The header magic that identifies this format.

fn from_blob_bytes(data: &'a [u8]) -> Result<Self, AppleCodesignError>

Attempt to construct an instance by parsing a bytes slice.

fn serialize_payload(&self) -> Result<Vec<u8>, AppleCodesignError>

Serialize the payload of this blob to bytes.

fn to_blob_bytes(&self) -> Result<Vec<u8>, AppleCodesignError>

Serialize this blob to bytes.

fn digest_with(
    &self,
    hash_type: DigestType
) -> Result<Vec<u8>, AppleCodesignError>

Obtain the digest of the blob using the specified hasher.

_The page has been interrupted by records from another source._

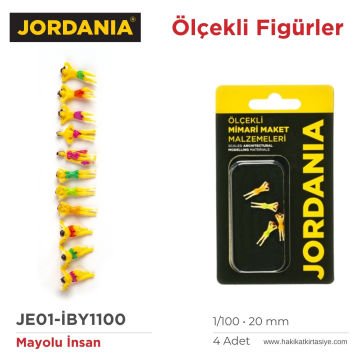 Jordania Maket İnsan Mayolu Figürü 1/100 20mm 4lü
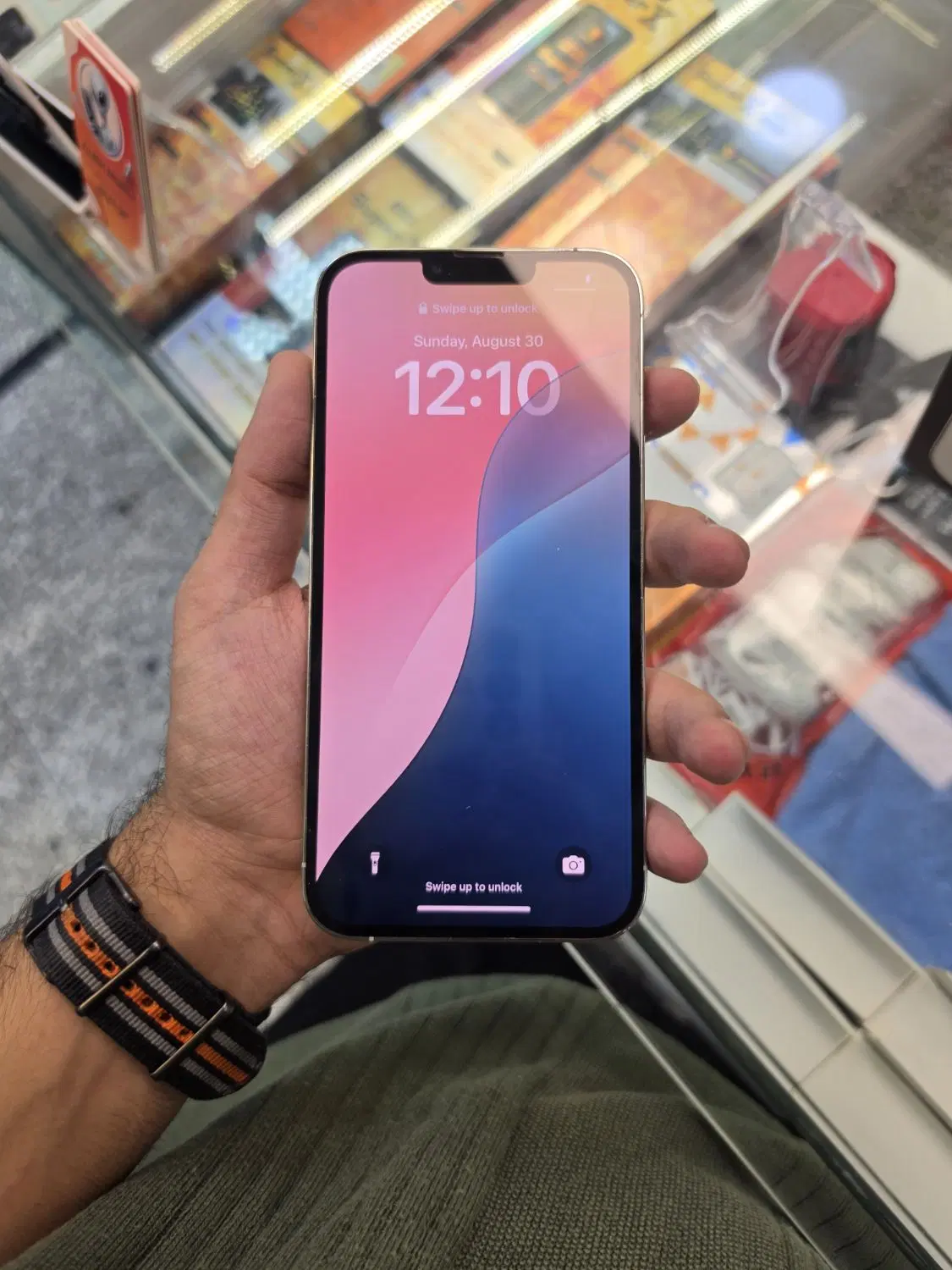 Iphone 13 Pro max دو سیم کارت بدون مشابه در ایران|موبایل|کرج, عظیمیه|دیوار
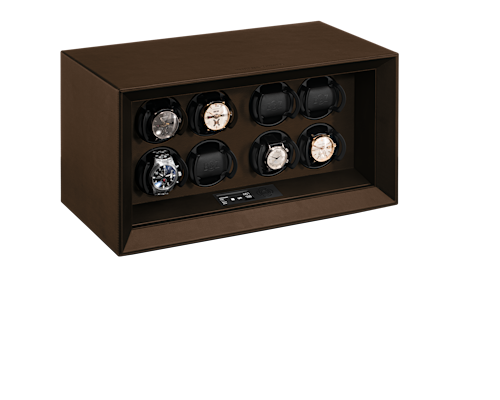 Safe master 8 brown exposed casing and watches — BUBEN&ZORWEG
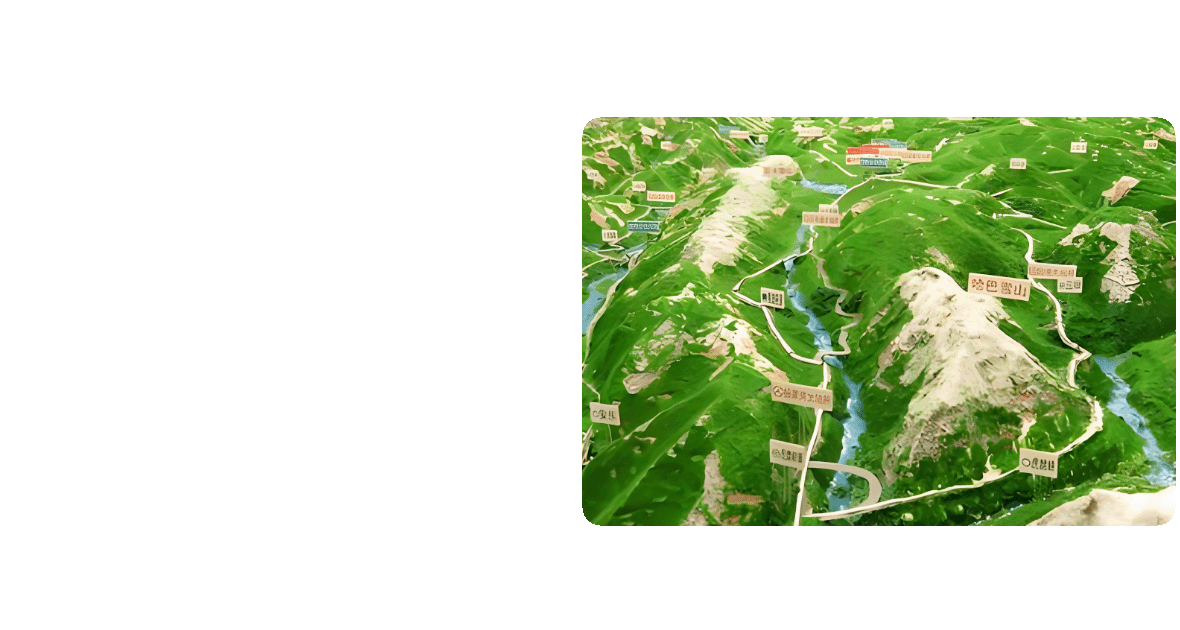 沙盤模型公司 -專業沙盤設計/制作/解決方案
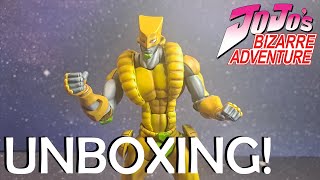 THE WORLD JOJOS BIZARRE ADVENTURE MEDICOS FIGURE UNBOXING [upl. by Adnic]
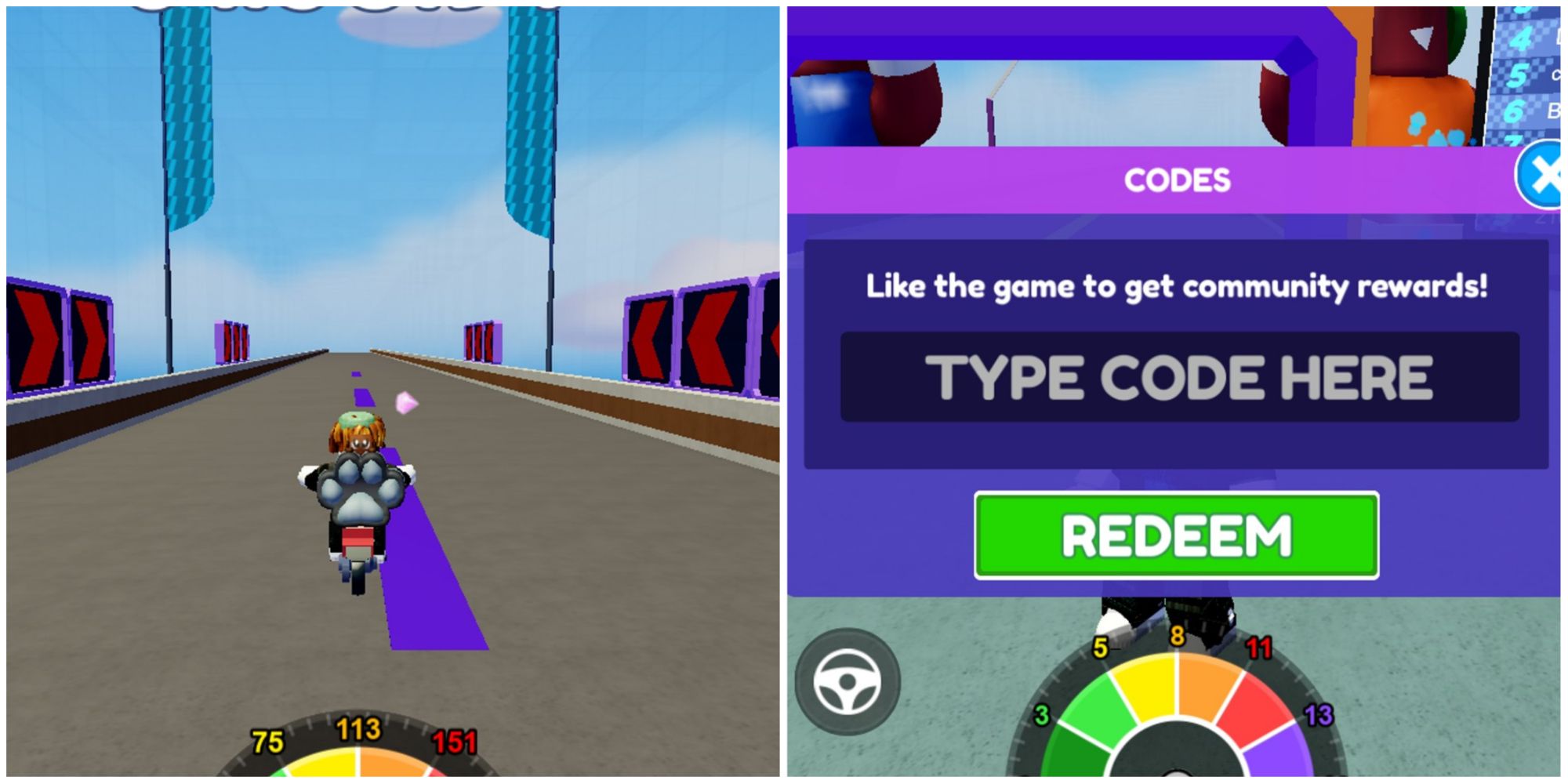 Codes Roblox Max Speed: Tổng Hợp Mới Nhất 2024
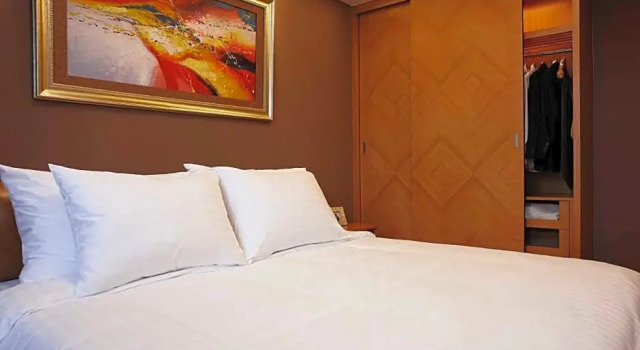 Апартаменты Boutique с 2 комнатами Dan Executive Apartment Guangzhou Zhujiang New Town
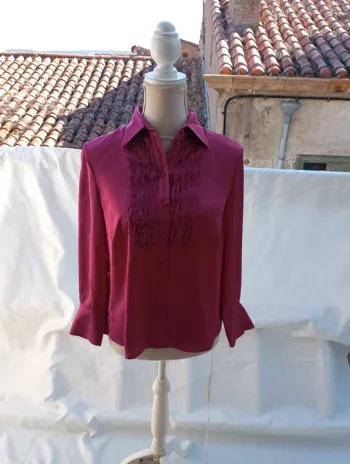 Chemisier fushia Un Jour Ailleurs T.38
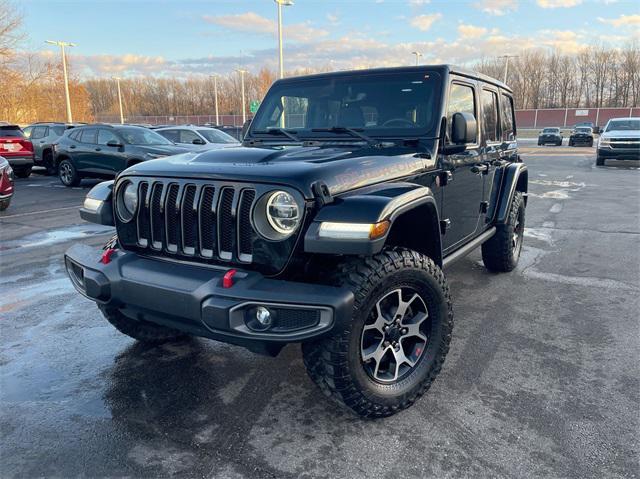 used 2020 Jeep Wrangler Unlimited car, priced at $29,994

impl<'a> Debug for EntitlementsBlob<'a>

fn fmt(&self, f: &mut Formatter<'_>) -> Result

Formats the value using the given formatter.

impl<'a> Display for EntitlementsBlob<'a>

fn fmt(&self, f: &mut Formatter<'_>) -> Result

Formats the value using the given formatter.

impl<'a> From<EntitlementsBlob<'a>> for BlobData<'a>

fn from(b: EntitlementsBlob<'a>) -> Self

Converts to this type from the input type.